2.1. Templates Creation

For template creation I used a programatic approach, to remove human error. I hardcoded the places on both the vertical and horizontal auxiliary images.

Using the board extraction function explained in section 2.1. I parse the board and whenever I find a place of interest, I know the patch true value, and add it in a list corresponding to its value. (I create templates for both vertical and horizontal placed pieces since domino piece number 3 for example is different depending on the direction it is placed).

After saving multiple templates for each domino piece both vertically, and horizontally, I generate the mean image for each direction and value, and save them in a folder for future use.

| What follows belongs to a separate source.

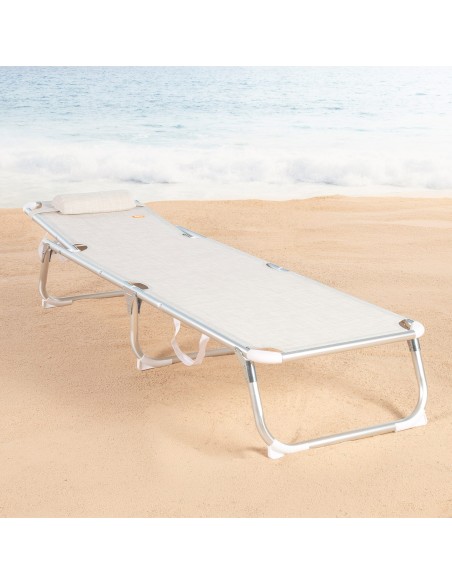 Tumbona playa multiposición 186x49x30 cm beige con cojín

Some examples of the generated templates can be visualized in the following images.

2.2 Template Matching

For template matching we use the matchTemplate function from opencv with TM COEFF NORMED.

The main trick for good results is to preprocess the patches. We remove noise, try to remove the lines and board from bad placed pieces, also preprocess the templates, and then call the template matching function.

The templates preprocessing result is also represented in the following images:

The preprocess result on extracted patches from the table can be visualized in the following images:

3. Score Calculation

For score calculation, once the detection and classification work well, there is only a simple dynamic programming approach.

Since the score is related to the current position of each player on the score board (aka. their total score) we must save that data constantly at each step. On each move we calculate the current score of the player moving the piece by checking the hardcoded bonus values from the tables, by checking if it is a double piece (3,3 / 6,6 etc.) and by checking for both players if the value placed is the same as their current position on the score board.